Но не помогли. В 1915 году в мастерских Братолюбова был сооружен бронеавтомобиль на базе шасси "Рено" специально для 11 автомобильной роты. Машина получилась не совсем такая, как просили: у нее была открытая крыша, и потому для боевых действий она не годилась заведомо. Дурляхер и Братолюобв представили ее как машину, пригодную для конвоирования транспортных колонн на марше. Это замечательное объяснение сошло, но их попросили больше таких машин не делать, а эту оставить в ее одном-единственном экземпляре той самой 11 автомобильной роте.
В том же 1915 году в мастерских Братолюбова были изготовлены 6 разных бронеавтомобилей на основе шасси Руссо-Балтов. По результатам испытаний признали, что в войсках их использовать нельзя, и они были отосланы в армию в качестве учебных машин - ездить они все-таки умели. Три штуки потом умельцы из железнодорожных войск перебрали на бронедрезины.
Дурляхер с Братолюбовым попробовали добиться заказа на вторую серию проектов бронеавтомобилей, но им пояснили, что больше от них бронеавтомобилей не надо. Тогда они, продолжая подавать записки о готовности соорудить новые, еще лучшие броневики, решили попытать счастья на ниве ядовитых и горючих газов.

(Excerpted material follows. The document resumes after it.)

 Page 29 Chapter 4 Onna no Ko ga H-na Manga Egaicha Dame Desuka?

Около рубежа лета/осени 1915 Братолюбов пригласил к себе на дачу в Белые Струги одного из членов Гос.Думы, члена Особого совещания по обороне, показывал ему там "опыты с применением для военных целей горючих газов" и хвалился, что хочет их демонстрировать в Ставке. Ставка интереса не проявила, Особое совещание - тоже. Возможно, история с броневиками немного подмочила реноме изобретателя на уровне среднего бюрократического звена.

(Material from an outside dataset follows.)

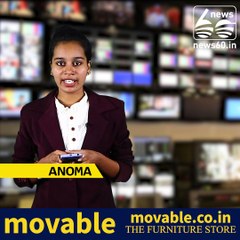 സൈലന്റായി സൈലന്റ് വാലി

Тогда около того же рубежа лета/осени 1915 Братолюбов явился в соответствующую комиссию военного министерства, к химику Ипатьеву. Явился он туда с проектом непобедимого отравляющего вещества, рекомендацией от Дурляхера, собственной женой - дочкой Дурляхера, и, главное, со стаканом целебного раствора: жена его несла оный стакан, а Братолюбов держал в стакане собственный палец. Войдя в таком виде к Ипатьеву и представив ему рекомендацию, Братолюбов наглядно пояснил, что изобретенное им вещество так активно, что одни только его пары вызвали у него, Братолюбова, воспаление кожи пальца, и теперь он всюду должен ходить с этим стаканом. Однако бдительный Ипатьев сразу догадался, "что это вещество было фтористым водородом", и что "особого значения это предложение не представляло" - о чем и довел Братолюбову. Тот ушел несолоно хлебавши, а Ипатьев из демонстрации пальца вынес то впечатление - цитирую его - "что я имею дело с авантюристом и что с ним надо быть очень осторожным".

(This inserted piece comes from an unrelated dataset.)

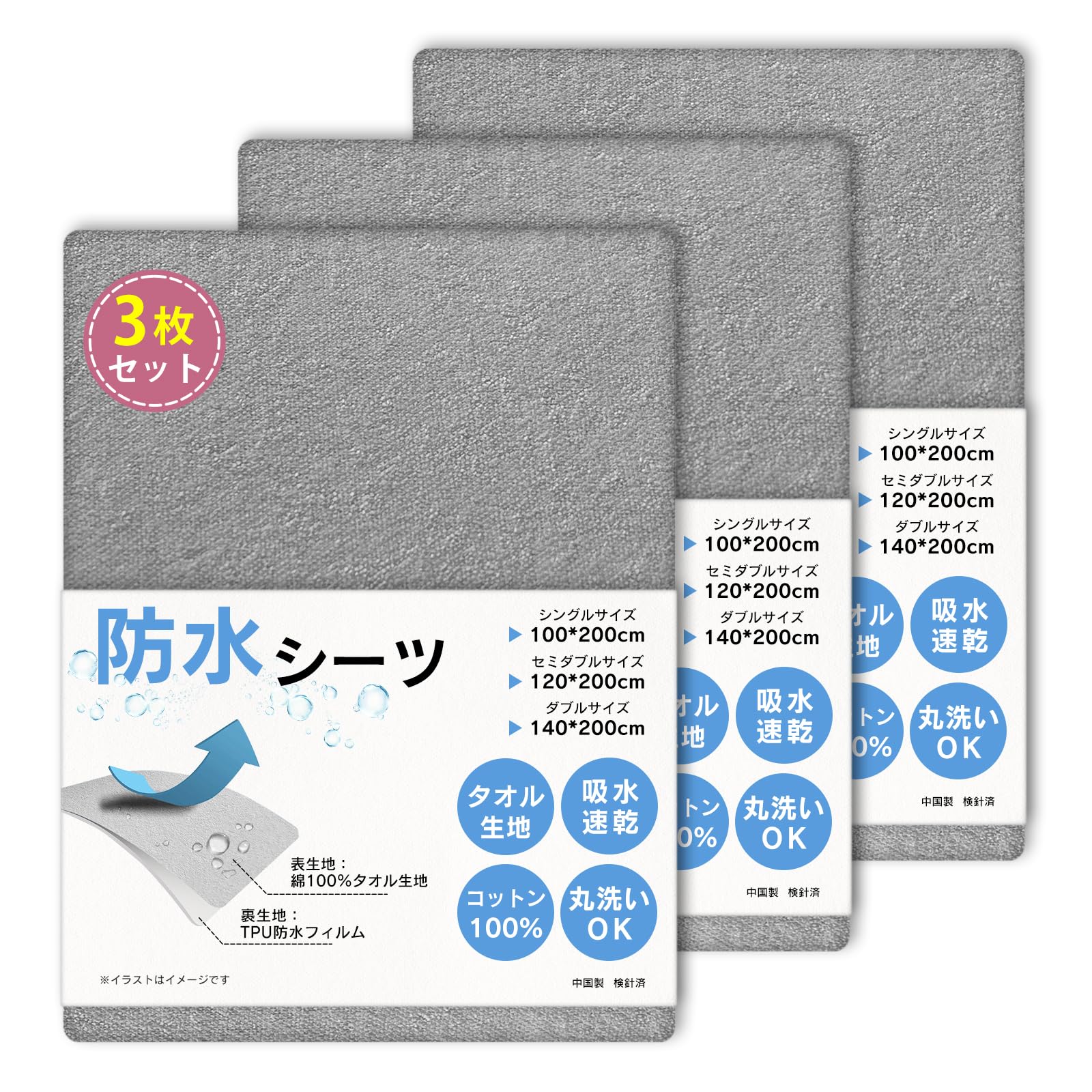 【3枚組】Vallein 防水シーツ シングル 防水敷きパッド セミダブル ダブ…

Но к Ипатьеву Братолюбов больше не пошел. По своим связям в военном министерстве он выяснил, что был такой прибалтийский немец из простых, Карл Эйзентраут, что был он патриот России, и еще до войны изобрел воспламеняющую жидкость, которой-де можно сжигать что угодно, и явился еще до войны предлагать эту жидкость в Главное Военно-Техническое Управление, и во время войны снова обратился в ГВТУ с тем же самым, но то, дважды испытав эту жидкость, заявило, что она СЛИШКОМ воспламеняема и опасна в обращении настолько, что войскам ее давать нельзя, а годна она только для сжигания трупов, так что приобретать ее секрет у Эйзентраута никто не будет ни дорого, ни дешево.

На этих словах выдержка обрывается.